**ASSIGNED TASK**
If a line in the records below contains the word "даже", return that line.

**RECORDS FOR THIS EXERCISE**
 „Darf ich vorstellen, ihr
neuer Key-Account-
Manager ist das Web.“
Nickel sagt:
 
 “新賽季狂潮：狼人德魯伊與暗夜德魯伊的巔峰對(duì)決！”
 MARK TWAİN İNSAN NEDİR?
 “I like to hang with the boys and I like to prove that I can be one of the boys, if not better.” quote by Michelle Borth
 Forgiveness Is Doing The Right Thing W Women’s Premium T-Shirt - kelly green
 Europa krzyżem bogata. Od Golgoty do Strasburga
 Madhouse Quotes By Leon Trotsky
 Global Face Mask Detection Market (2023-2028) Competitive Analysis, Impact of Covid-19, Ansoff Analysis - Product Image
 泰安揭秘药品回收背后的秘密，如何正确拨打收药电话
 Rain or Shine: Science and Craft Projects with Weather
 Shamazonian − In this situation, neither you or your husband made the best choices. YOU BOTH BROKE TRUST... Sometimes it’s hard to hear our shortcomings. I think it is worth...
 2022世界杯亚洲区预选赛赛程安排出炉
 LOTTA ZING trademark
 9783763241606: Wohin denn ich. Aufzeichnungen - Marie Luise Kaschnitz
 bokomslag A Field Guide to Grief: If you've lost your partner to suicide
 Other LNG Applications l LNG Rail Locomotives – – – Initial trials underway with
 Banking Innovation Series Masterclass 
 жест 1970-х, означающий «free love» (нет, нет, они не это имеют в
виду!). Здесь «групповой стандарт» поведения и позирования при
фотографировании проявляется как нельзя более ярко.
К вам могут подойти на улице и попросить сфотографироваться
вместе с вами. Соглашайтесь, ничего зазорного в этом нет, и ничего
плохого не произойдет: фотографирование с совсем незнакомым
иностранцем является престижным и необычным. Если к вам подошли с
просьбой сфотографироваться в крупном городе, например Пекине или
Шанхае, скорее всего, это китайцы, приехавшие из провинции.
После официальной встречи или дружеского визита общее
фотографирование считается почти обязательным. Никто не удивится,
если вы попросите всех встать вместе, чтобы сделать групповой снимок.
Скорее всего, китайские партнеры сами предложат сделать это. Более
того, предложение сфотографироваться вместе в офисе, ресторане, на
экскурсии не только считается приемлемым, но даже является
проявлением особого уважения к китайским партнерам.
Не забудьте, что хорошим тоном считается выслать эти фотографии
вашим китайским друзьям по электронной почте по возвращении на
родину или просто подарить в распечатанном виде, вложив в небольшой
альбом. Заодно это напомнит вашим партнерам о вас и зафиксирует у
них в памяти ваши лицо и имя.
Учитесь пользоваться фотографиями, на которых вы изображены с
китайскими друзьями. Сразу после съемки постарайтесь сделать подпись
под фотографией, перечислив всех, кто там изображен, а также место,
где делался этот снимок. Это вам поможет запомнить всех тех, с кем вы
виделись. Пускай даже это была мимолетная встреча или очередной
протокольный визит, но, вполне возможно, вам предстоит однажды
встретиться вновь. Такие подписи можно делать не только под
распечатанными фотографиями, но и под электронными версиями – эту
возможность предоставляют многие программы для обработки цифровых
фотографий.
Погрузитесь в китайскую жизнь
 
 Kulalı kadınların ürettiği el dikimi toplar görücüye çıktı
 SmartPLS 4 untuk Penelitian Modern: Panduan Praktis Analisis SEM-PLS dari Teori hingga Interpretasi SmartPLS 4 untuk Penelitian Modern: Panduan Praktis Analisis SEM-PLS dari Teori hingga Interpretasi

**TASK ANSWER**
экскурсии не только считается приемлемым, но даже является
виделись. Пускай даже это была мимолетная встреча или очередной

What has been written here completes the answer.